複雑・ファジー小説

#01 - 過去の絆 ( No.13 )
日時: 2011/09/23 09:45
名前: 蟻 ◆v9jt8.IUtE (ID: V9u1HFiP)
参照: http://www.kakiko.cc/novel/novel6/index.cgi?mode

 舞雪さんはアイスを食べると、顔を綻ばせた。そんなに美味しかったのだろうか。まあ喜んでいるなら何よりだ。別に僕が何をしたと言う訳では無いけども。それよりしかめっ面でこっちを向くよりはいい。美人だしな。
 舞雪さんがアイスを平らげた後、僕はゴミ箱をベッドの下にある黒のゴミ箱を差し出す。舞雪さんは、アイスキャンディの棒を、アイスに入っていた袋に入れてゴミ箱に捨てる。容姿のイメージと同じく捨て方が丁寧だなあ。

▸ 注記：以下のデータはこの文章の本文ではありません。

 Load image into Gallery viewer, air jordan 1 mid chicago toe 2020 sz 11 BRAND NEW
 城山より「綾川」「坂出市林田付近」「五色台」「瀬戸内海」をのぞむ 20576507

「美味しいなら良かったわ。それで、用件は何かしら? 貴方、客なんでしょ?」

布団に包まったままの流が質問をすると、さっきまで嬉しそうにアイスを食べていた舞雪さんは目を閉じて俯いた。暫くの静寂が続く。
 何だか気まずい……。こんな所に居たくないな、と僕が思っていると、舞雪さんは姿勢を正座にして口を開いた。

「————時を、戻してくれませんか?」

丁寧に座り、流を見つめて、そう懇願する舞雪さん。重苦しいその雰囲気は、とんでもない事が起こりそうだった。


 妖怪は、どこにでも居る。しかし、どこにも居ない。一度視えたらずっとそこに『居る』のだ。そして関わってしまうとそれが視え易くなる。関わり易くなる。だから僕は、また妖怪と出会っているのだ。まあそれはともかくとして。今回は雪女の依頼である。雪女——舞雪さんの話を聞いてみよう。

「私には、友達が居ました」

静かに、悲しげに。そう自分の過去を語りだした。

 
 青葉が茂る、山の奥。そこにはゆかり姫と言う山の姫が居た。縁姫は絶世な美女と謳われており、視た人間は全員その美貌に惚れ惚れしたらしい。しかし、美しい花には棘があると言う言葉がある様に、縁姫は人間を嫌い、出会った際には人の血を全て吸い尽くして人を殺す。そんな恐ろしい妖怪だったらしい。
 だがそんな縁姫でも、自分の種族——妖怪には優しかった。誰にでも優しく、誰にでも笑う、素敵な姫だった。どの妖怪からも好かれており、そして舞雪も例外ではなかった。舞雪も縁姫を好いて、縁姫も舞雪を他の誰より好いていた。